What you will do: Your copy should contain exactly the lines from the one that holds "Evaluating the Effects" through the end of the material, reproduced as written, with no pictures.

== == ==

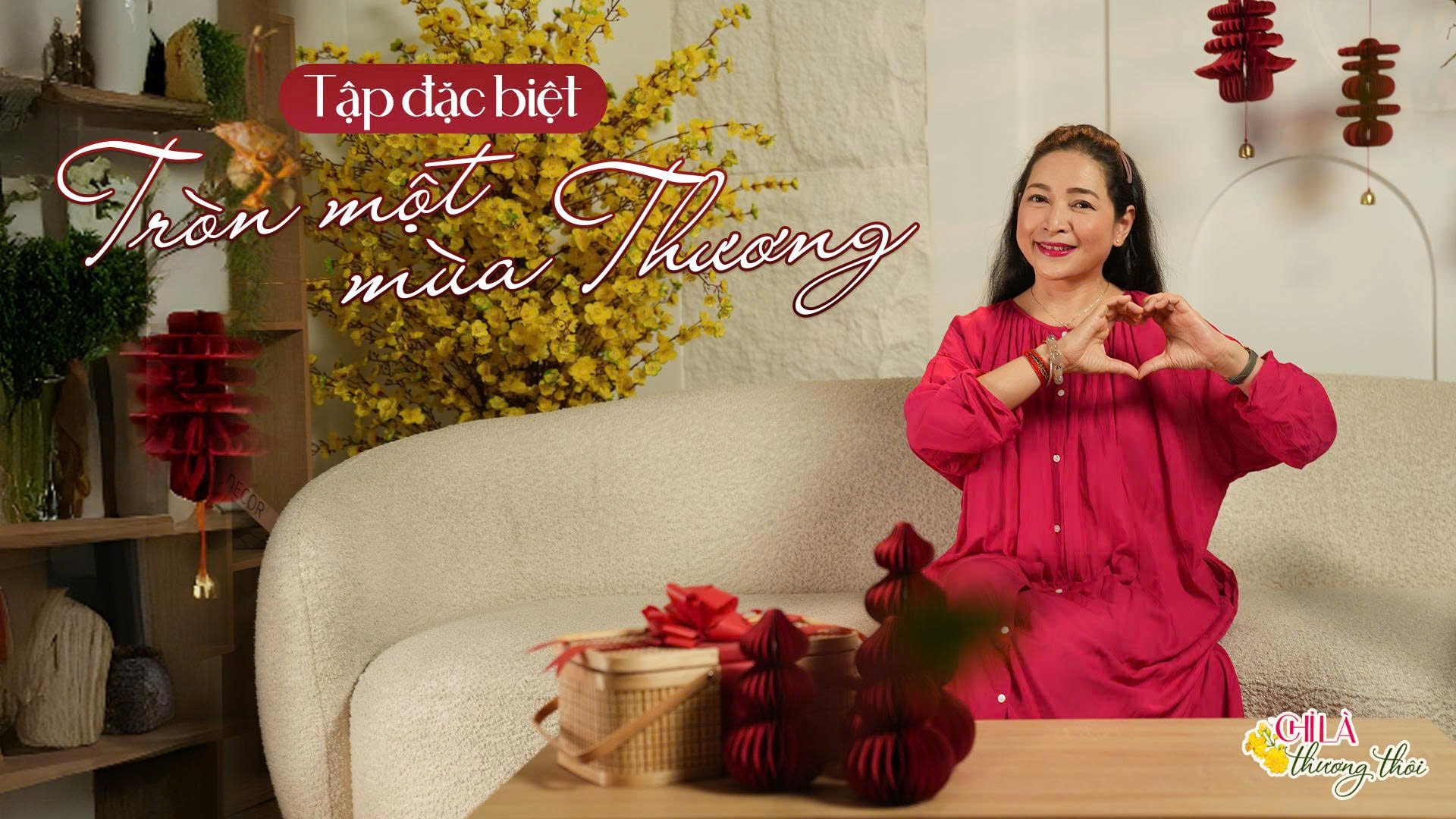 [Chỉ là Thương thôi – Tập phát sóng đặc biệt]: TRÒN MỘT MÙA THƯƠNG 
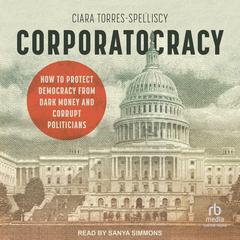 Corporatocracy by Ciara Torres-Spelliscy audiobook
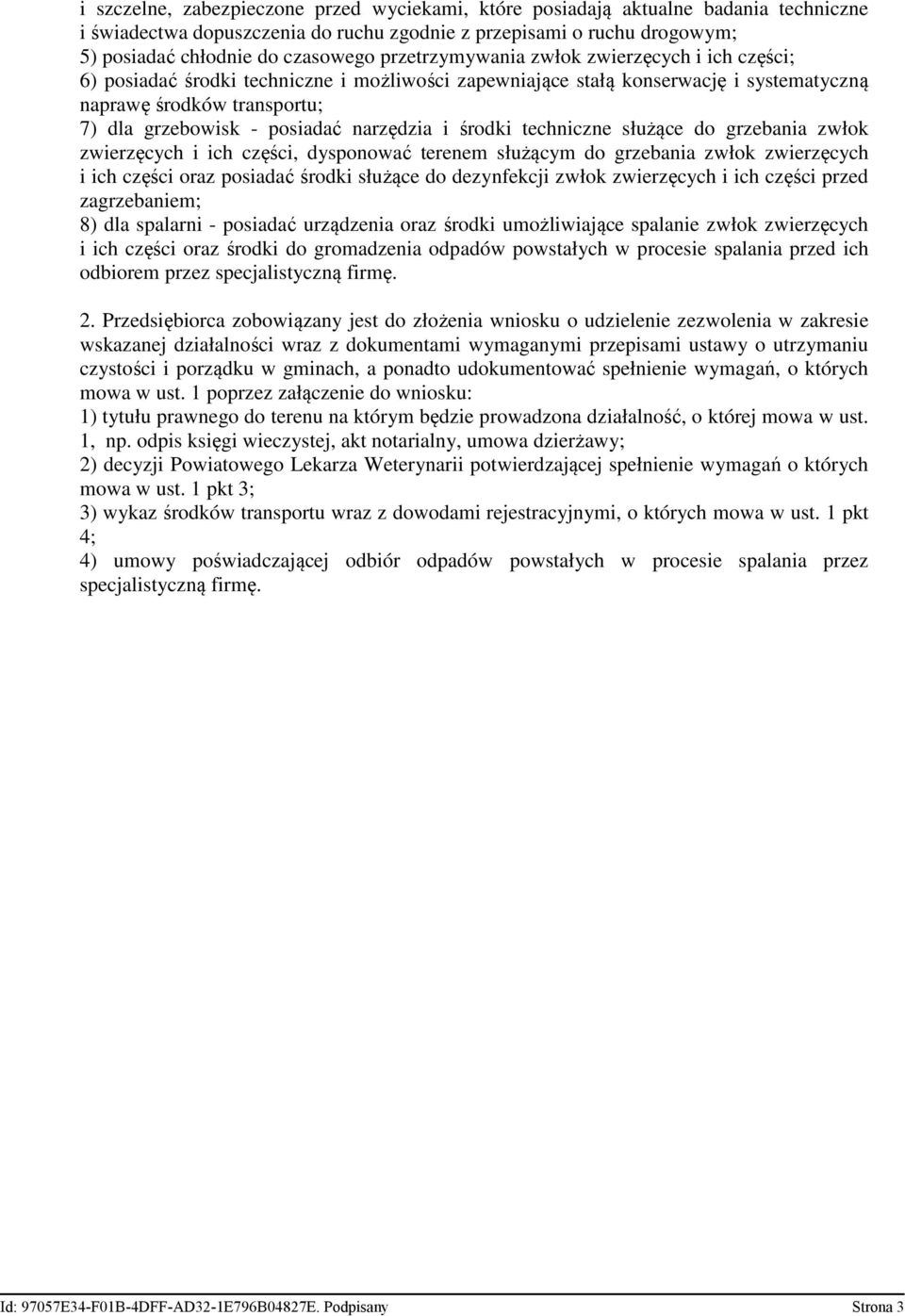 narzędzia i środki techniczne służące do grzebania zwłok zwierzęcych i ich części, dysponować terenem służącym do grzebania zwłok zwierzęcych i ich części oraz posiadać środki służące do dezynfekcji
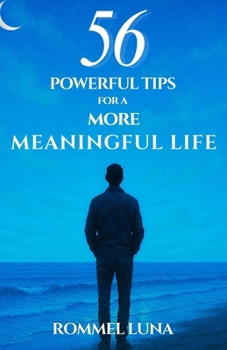 Paperback 56 POWERFUL TIPS for a More Meaningful Life Book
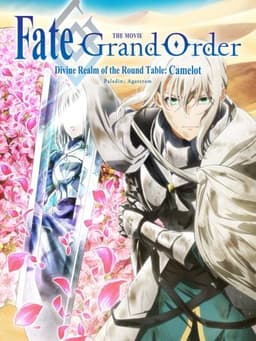 Fate/Grand Order the Movie: Divine Realm of the Round Table: Camelot 2 Paladin; Agateram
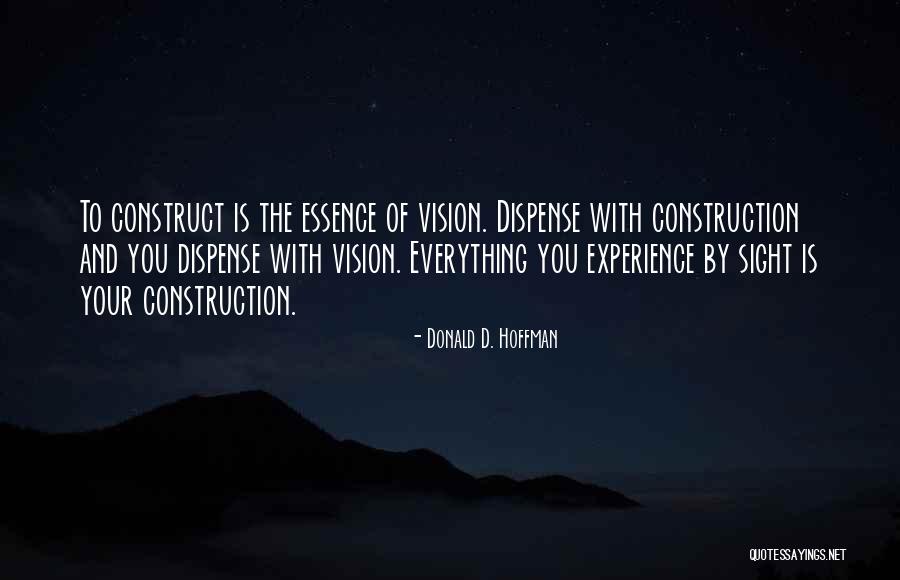 Cognitive Construct Quotes By Donald D. Hoffman Cognitive Construct Quotes By Donald D. Hoffman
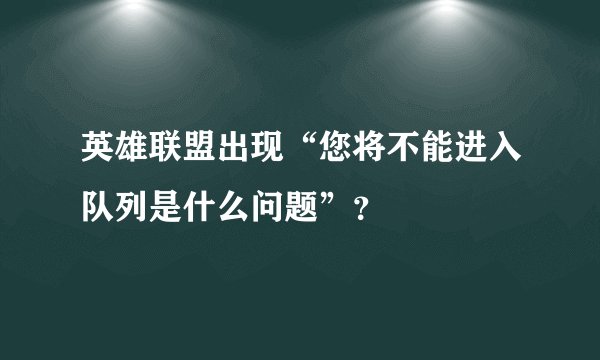 英雄联盟出现“您将不能进入队列是什么问题”？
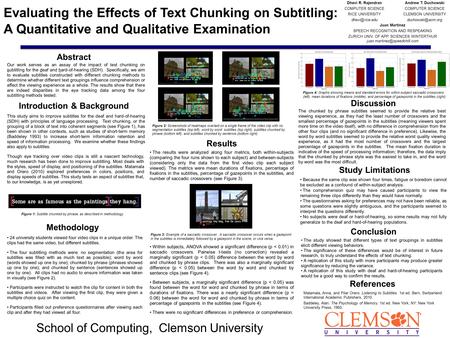 Evaluating the Effects of Text Chunking on Subtitling: A Quantitative and Qualitative Examination Andrew T. Duchowski COMPUTER SCIENCE CLEMSON UNIVERSITY.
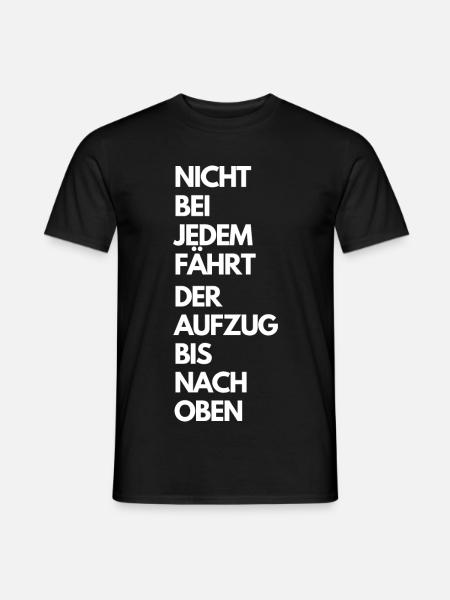 NICHT BEI JEDEM FÄHRT DER AUFZUG BIS NACH OBEN - Männer T-Shirt - Schwarz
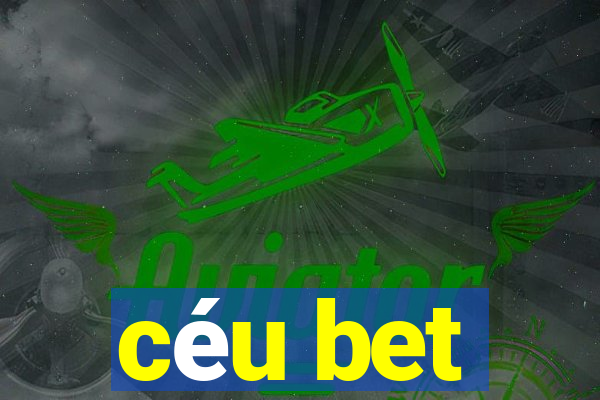 céu bet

== == ==

Task response:
 Evaluating the Effects of Text Chunking on Subtitling: A Quantitative and Qualitative Examination Andrew T. Duchowski COMPUTER SCIENCE CLEMSON UNIVERSITY.
 NICHT BEI JEDEM FÄHRT DER AUFZUG BIS NACH OBEN - Männer T-Shirt - Schwarz
 céu bet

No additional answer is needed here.